• _The task_
Below are entries; copy exactly the lines from the one with "Kerstvrolijk warm warm" through the one with "Convite Magnético Ornamento", both included, and leave out the rest.

• _Source records_
"""

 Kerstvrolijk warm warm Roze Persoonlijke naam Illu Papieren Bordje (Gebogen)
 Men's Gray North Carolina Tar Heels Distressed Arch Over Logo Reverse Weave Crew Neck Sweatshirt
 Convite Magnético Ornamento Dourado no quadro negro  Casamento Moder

"""
"""

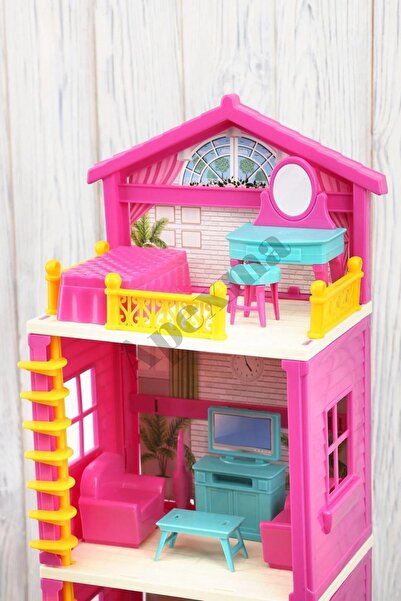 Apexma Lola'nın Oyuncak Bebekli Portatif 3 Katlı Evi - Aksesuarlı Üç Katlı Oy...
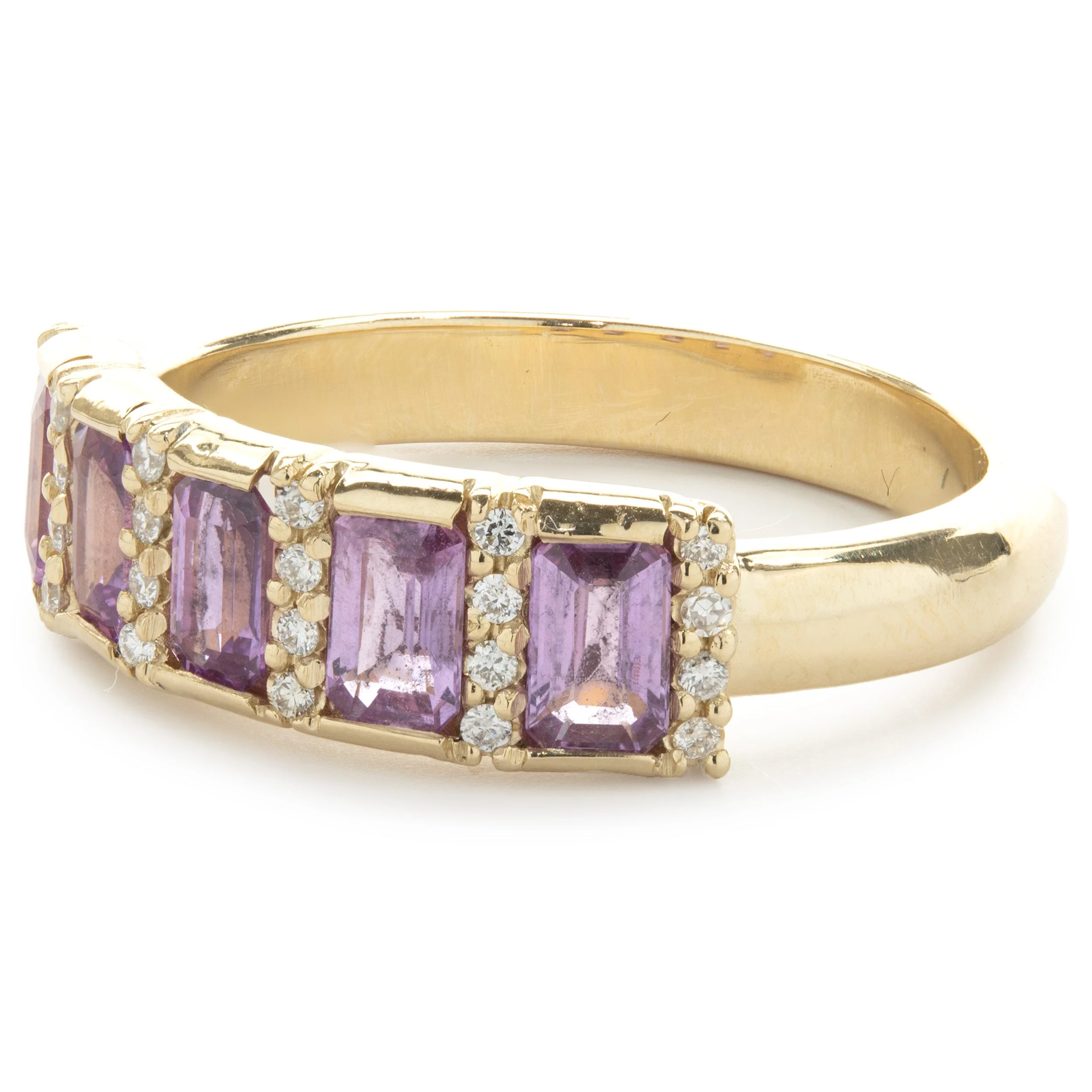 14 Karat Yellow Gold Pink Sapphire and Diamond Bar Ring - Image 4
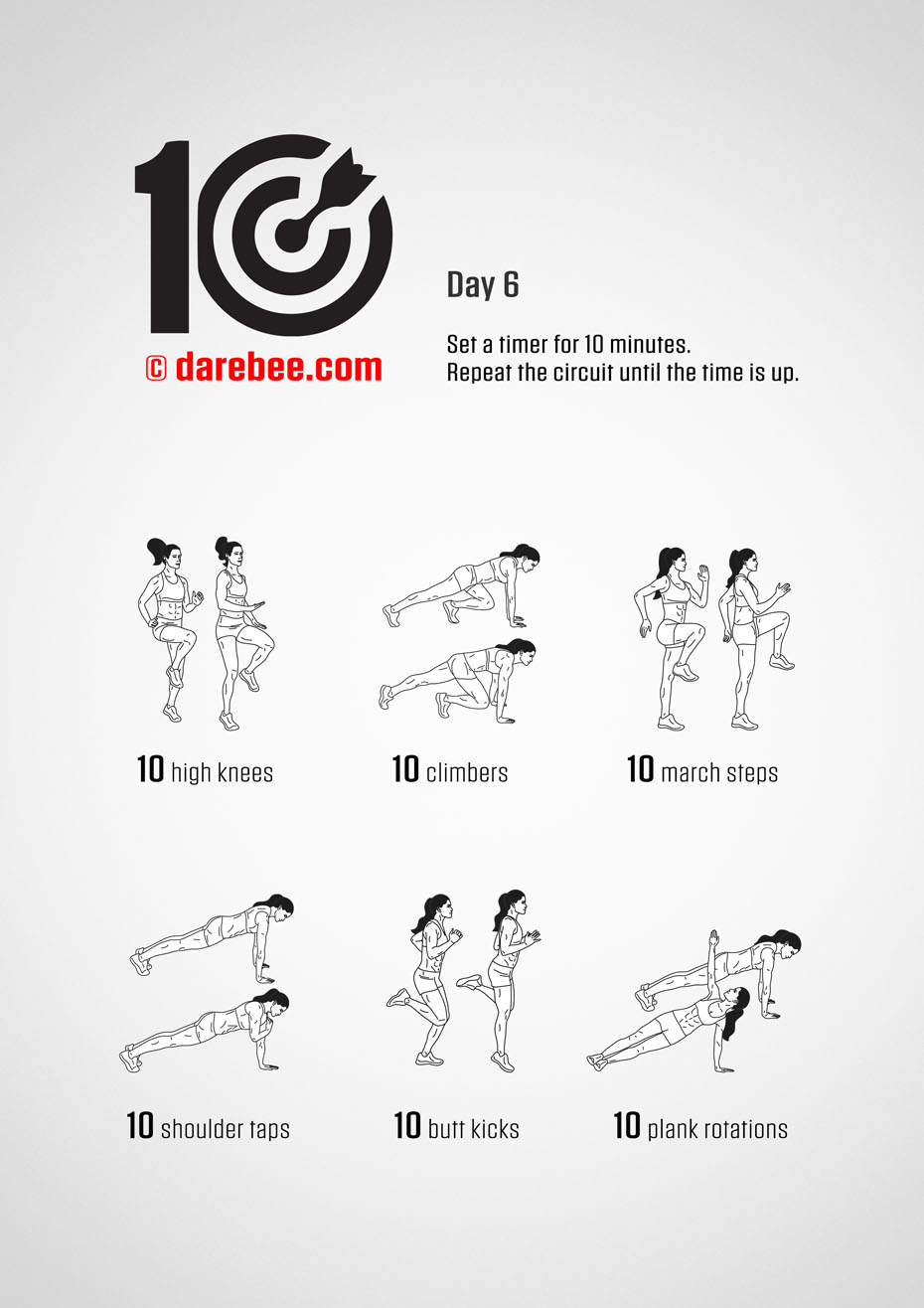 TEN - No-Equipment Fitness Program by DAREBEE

"""
"""

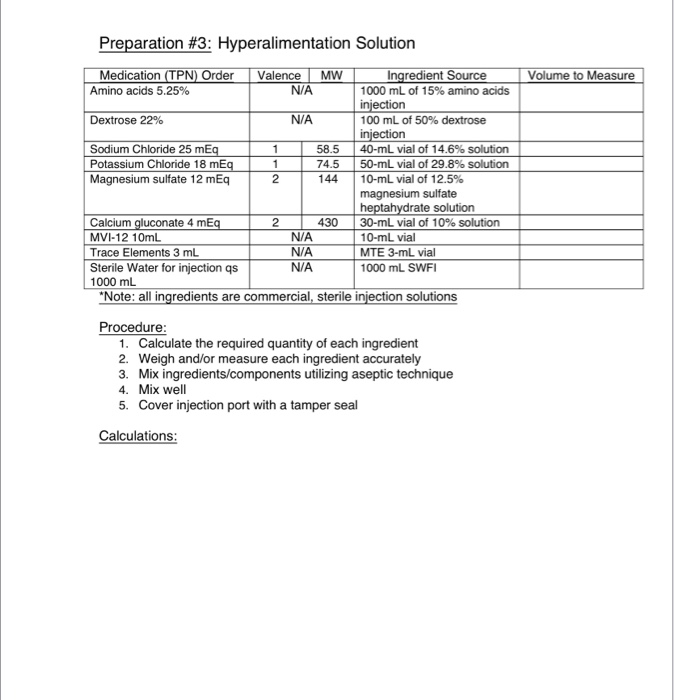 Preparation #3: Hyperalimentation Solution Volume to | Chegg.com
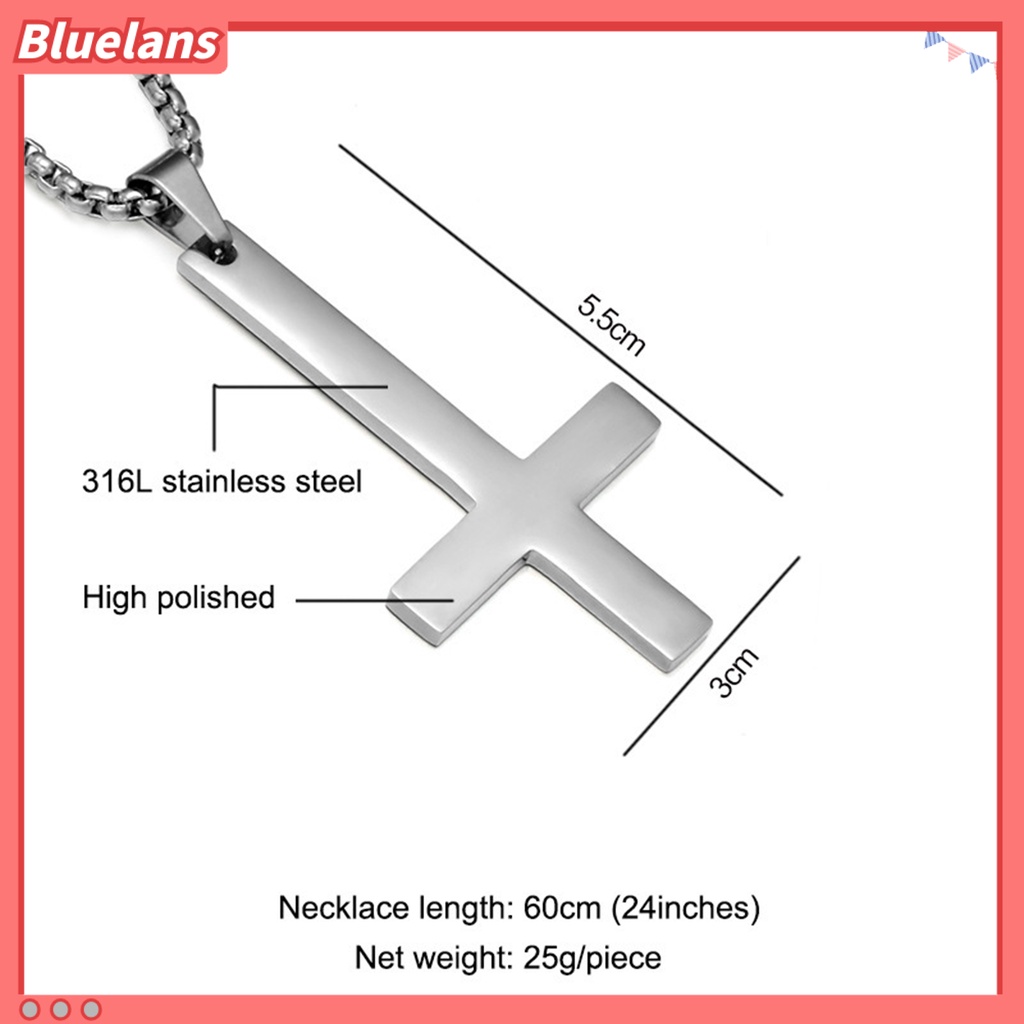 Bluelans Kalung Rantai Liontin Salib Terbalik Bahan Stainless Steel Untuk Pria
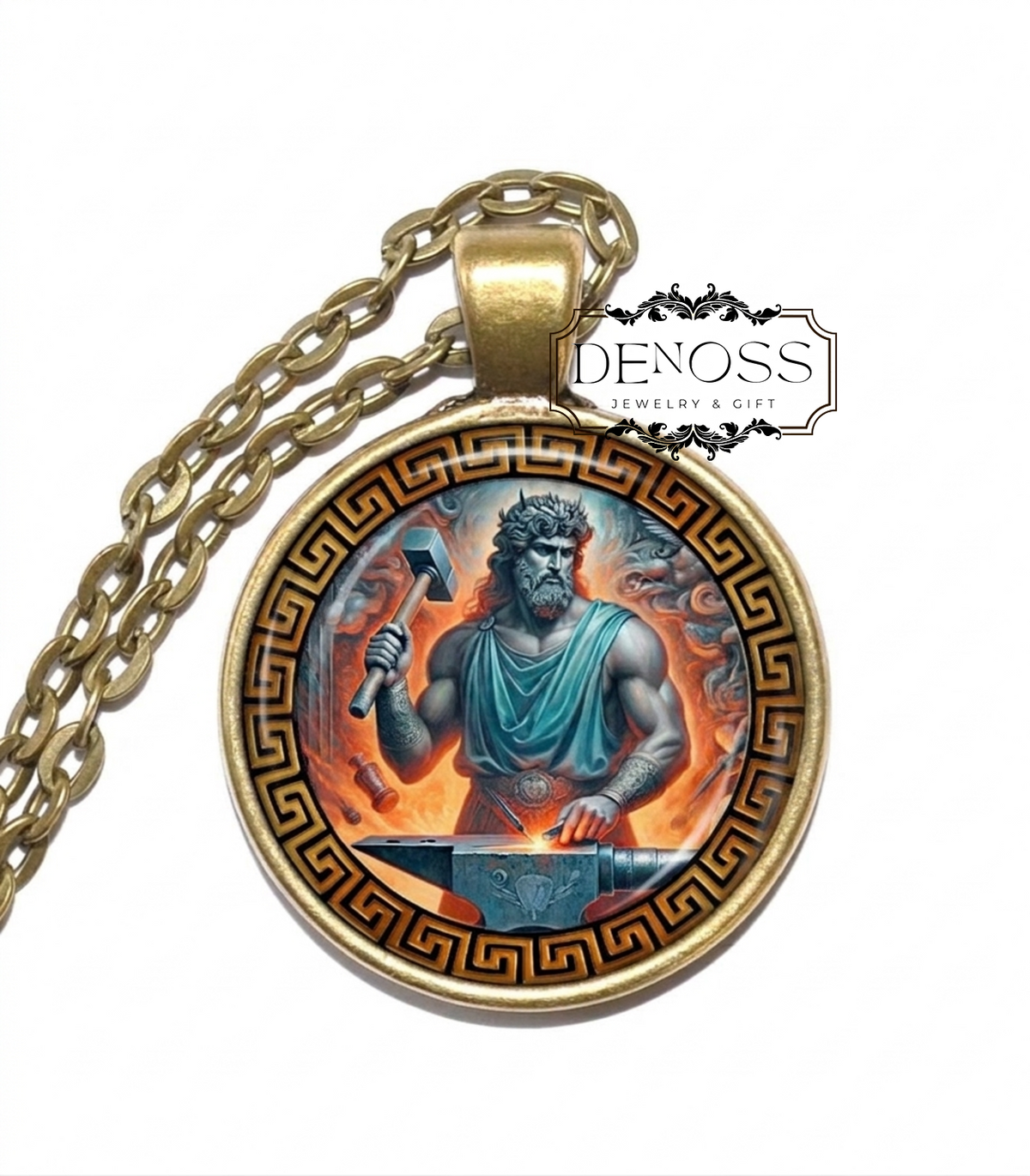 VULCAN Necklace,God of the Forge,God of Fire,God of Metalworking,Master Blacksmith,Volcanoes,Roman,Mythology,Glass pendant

"""

• _Answer for the task_
 Kerstvrolijk warm warm Roze Persoonlijke naam Illu Papieren Bordje (Gebogen)
 Men's Gray North Carolina Tar Heels Distressed Arch Over Logo Reverse Weave Crew Neck Sweatshirt
 Convite Magnético Ornamento Dourado no quadro negro  Casamento Moder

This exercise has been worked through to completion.